### Your objective
From the data below, please reproduce exactly everything from the line that contains "Botezul Almei —" down to the line that contains "East Liberty Apartment", with both ends included.

····················

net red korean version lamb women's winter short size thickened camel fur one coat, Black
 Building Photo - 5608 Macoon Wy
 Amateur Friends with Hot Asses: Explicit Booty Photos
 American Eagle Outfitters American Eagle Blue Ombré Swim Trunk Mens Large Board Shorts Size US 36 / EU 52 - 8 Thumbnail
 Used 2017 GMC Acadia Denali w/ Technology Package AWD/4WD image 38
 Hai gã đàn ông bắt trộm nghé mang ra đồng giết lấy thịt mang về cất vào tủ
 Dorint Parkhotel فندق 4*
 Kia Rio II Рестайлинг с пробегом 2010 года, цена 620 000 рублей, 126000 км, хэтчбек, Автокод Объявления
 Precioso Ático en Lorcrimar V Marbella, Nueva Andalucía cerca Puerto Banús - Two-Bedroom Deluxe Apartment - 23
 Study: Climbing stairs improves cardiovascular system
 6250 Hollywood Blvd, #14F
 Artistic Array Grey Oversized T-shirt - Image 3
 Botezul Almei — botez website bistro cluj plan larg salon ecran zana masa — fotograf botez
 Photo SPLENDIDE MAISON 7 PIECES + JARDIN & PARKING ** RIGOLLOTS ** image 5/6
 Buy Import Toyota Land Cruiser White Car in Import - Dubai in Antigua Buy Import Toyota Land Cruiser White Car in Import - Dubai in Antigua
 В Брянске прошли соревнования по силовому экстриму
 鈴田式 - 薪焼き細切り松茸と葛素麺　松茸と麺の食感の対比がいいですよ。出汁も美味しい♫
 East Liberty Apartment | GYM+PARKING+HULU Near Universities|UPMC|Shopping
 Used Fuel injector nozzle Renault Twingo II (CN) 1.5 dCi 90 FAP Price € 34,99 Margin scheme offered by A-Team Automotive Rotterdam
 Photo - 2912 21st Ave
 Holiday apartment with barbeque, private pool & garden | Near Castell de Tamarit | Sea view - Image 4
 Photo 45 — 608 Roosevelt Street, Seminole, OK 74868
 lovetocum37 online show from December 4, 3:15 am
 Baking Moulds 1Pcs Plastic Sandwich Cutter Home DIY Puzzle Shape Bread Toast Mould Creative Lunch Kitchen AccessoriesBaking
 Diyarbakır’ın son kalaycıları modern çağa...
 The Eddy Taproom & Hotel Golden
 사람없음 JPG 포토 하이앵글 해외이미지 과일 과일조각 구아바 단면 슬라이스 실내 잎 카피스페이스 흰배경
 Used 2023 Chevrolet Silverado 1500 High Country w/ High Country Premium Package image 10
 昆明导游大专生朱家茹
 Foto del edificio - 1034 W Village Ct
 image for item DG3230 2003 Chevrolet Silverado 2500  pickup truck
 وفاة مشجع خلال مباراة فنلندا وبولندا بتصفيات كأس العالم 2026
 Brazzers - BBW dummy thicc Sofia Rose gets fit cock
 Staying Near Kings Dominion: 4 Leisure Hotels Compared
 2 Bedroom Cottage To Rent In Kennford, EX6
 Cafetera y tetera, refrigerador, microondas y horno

····················

### Answer for the task
 Botezul Almei — botez website bistro cluj plan larg salon ecran zana masa — fotograf botez
 Photo SPLENDIDE MAISON 7 PIECES + JARDIN & PARKING ** RIGOLLOTS ** image 5/6
 Buy Import Toyota Land Cruiser White Car in Import - Dubai in Antigua Buy Import Toyota Land Cruiser White Car in Import - Dubai in Antigua
 В Брянске прошли соревнования по силовому экстриму
 鈴田式 - 薪焼き細切り松茸と葛素麺　松茸と麺の食感の対比がいいですよ。出汁も美味しい♫
 East Liberty Apartment | GYM+PARKING+HULU Near Universities|UPMC|Shopping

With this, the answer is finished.